To qualify for certification under Rule 23(b)(3), a class must meet two requirements beyond the Rule 23(a) prerequisites: common questions of law or fact must "predominate over any questions affecting only individual members," and class resolution must be "superior to other available methods for fairly and efficiently adjudicating the controversy." Fed. R. Civ. P. 23(b)(3). In assessing whether those requirements have been met, courts should consider:
(A) the class members' interests in individually controlling the prosecution or defense of separate actions; (B) the extent and nature of any litigation concerning the controversy already begun by or against class members; (C) the desirability or undesirability of concentrating the litigation of the claims in the particular forum; and (D) the likely difficulties in managing a class action.
Fed. R. Civ. P. 23(b)(3).
A party seeking class certification must do more than simply claim that an issue predominates. See Harper, 581 F.3d at 515. "The notion of predominance in the class action analysis is a relatively impalpable concept," Simer v. Rios, 661 F.2d 655, 672 (7th Cir. 1981), that is similar to Rule 23(a)(3)'s typicality requirement. Amchem Prods., 521 U.S. at 623 n.18, 117 S.Ct. at 2249. Ultimately, it "trains on the legal or factual questions that qualify each class member's case as a genuine controversy" and "tests whether proposed classes are sufficiently cohesive to warrant adjudication by representation." Id. at 623, 117 S.Ct. at 2249.

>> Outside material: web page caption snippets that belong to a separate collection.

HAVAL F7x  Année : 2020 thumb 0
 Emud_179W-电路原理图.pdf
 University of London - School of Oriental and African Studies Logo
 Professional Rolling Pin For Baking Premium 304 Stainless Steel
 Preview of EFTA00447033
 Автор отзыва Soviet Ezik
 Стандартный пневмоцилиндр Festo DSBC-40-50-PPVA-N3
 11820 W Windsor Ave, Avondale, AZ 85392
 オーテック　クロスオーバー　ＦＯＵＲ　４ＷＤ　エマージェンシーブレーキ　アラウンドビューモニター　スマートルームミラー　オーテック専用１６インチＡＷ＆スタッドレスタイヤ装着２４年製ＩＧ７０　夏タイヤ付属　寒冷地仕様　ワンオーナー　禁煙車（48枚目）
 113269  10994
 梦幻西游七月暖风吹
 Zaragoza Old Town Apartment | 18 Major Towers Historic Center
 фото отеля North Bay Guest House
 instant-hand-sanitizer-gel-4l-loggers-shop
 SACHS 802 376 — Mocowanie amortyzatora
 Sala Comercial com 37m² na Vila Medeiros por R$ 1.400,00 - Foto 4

Plaintiffs have shown that common questions of law and fact predominate. Specifically, Plaintiffs claim that Defendants engaged in standardized conduct that violated specified laws, and the class will therefore be cohesive. See id.
A central question under the superiority requirement is whether the proposed class will be manageable, and allowing this case to proceed as a class action certainly would be. See Chartwell Fin. Servs., 204 F.3d at 760. It would also be the most efficient way to resolve Plaintiffs' claims, especially considering that most Plaintiffs reside outside of the United States and would therefore be unlikely to seek relatively small damages. See Amchem Prods., 521 U.S. at 617, 117 S.Ct. at 2246 (noting that the Advisory Committee "sought to cover cases in which a class action would achieve economies of time, effort, and expense, and promote . . . uniformity of decision as to persons similarly situated, without sacrificing procedural fairness or bringing about other undesirable results" (internal quotation omitted)). Accordingly, class resolution would be superior to other available methods of pursuing these claims.
For the foregoing reasons, the Court grants Plaintiffs' Motion and certifies a class consisting of: "All persons identified by Plaintiffs who paid a fee to Louise Merchant and/or International H-2B/J-1 Work & Travel USA, Corporation for the purpose of obtaining a H-2B or J-1 visa but did not receive a H-2B or J-1 visa procured by Louise Merchant and/or International H-2B/J-1 Work & Travel USA, Corporation."